What is required: Would you please write out the records below exactly as they appear?

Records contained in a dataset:
= Beginning of Section =

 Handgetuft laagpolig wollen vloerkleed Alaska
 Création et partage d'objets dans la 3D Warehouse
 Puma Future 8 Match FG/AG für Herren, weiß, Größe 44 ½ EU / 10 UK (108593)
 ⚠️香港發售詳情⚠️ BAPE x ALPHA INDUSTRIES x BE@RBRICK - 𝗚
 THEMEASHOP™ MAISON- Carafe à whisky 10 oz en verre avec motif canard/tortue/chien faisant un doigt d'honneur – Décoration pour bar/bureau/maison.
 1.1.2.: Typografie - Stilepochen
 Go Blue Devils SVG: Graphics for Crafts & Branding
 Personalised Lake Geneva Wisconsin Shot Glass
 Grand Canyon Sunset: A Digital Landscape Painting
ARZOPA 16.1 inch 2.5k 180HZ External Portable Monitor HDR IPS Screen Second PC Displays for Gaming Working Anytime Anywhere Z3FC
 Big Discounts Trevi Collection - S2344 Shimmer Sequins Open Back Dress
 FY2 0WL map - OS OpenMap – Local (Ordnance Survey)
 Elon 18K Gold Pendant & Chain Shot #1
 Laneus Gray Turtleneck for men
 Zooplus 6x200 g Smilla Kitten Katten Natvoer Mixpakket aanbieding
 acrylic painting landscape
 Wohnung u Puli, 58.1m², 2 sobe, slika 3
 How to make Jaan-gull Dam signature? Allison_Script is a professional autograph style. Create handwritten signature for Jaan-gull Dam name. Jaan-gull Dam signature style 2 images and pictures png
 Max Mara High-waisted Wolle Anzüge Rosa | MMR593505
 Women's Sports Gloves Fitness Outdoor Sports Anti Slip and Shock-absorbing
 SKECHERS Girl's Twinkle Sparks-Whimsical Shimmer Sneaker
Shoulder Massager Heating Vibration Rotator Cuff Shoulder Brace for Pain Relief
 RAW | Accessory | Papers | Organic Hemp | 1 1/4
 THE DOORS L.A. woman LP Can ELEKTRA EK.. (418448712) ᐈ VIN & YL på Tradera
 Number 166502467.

= End of Section =

Answer space:
 Handgetuft laagpolig wollen vloerkleed Alaska
 Création et partage d'objets dans la 3D Warehouse
 Puma Future 8 Match FG/AG für Herren, weiß, Größe 44 ½ EU / 10 UK (108593)
 ⚠️香港發售詳情⚠️ BAPE x ALPHA INDUSTRIES x BE@RBRICK - 𝗚
 THEMEASHOP™ MAISON- Carafe à whisky 10 oz en verre avec motif canard/tortue/chien faisant un doigt d'honneur – Décoration pour bar/bureau/maison.
 1.1.2.: Typografie - Stilepochen
 Go Blue Devils SVG: Graphics for Crafts & Branding
 Personalised Lake Geneva Wisconsin Shot Glass
 Grand Canyon Sunset: A Digital Landscape Painting
ARZOPA 16.1 inch 2.5k 180HZ External Portable Monitor HDR IPS Screen Second PC Displays for Gaming Working Anytime Anywhere Z3FC
 Big Discounts Trevi Collection - S2344 Shimmer Sequins Open Back Dress
 FY2 0WL map - OS OpenMap – Local (Ordnance Survey)
 Elon 18K Gold Pendant & Chain Shot #1
 Laneus Gray Turtleneck for men
 Zooplus 6x200 g Smilla Kitten Katten Natvoer Mixpakket aanbieding
 acrylic painting landscape
 Wohnung u Puli, 58.1m², 2 sobe, slika 3
 How to make Jaan-gull Dam signature? Allison_Script is a professional autograph style. Create handwritten signature for Jaan-gull Dam name. Jaan-gull Dam signature style 2 images and pictures png
 Max Mara High-waisted Wolle Anzüge Rosa | MMR593505
 Women's Sports Gloves Fitness Outdoor Sports Anti Slip and Shock-absorbing
 SKECHERS Girl's Twinkle Sparks-Whimsical Shimmer Sneaker
Shoulder Massager Heating Vibration Rotator Cuff Shoulder Brace for Pain Relief
 RAW | Accessory | Papers | Organic Hemp | 1 1/4
 THE DOORS L.A. woman LP Can ELEKTRA EK.. (418448712) ᐈ VIN & YL på Tradera
 Number 166502467.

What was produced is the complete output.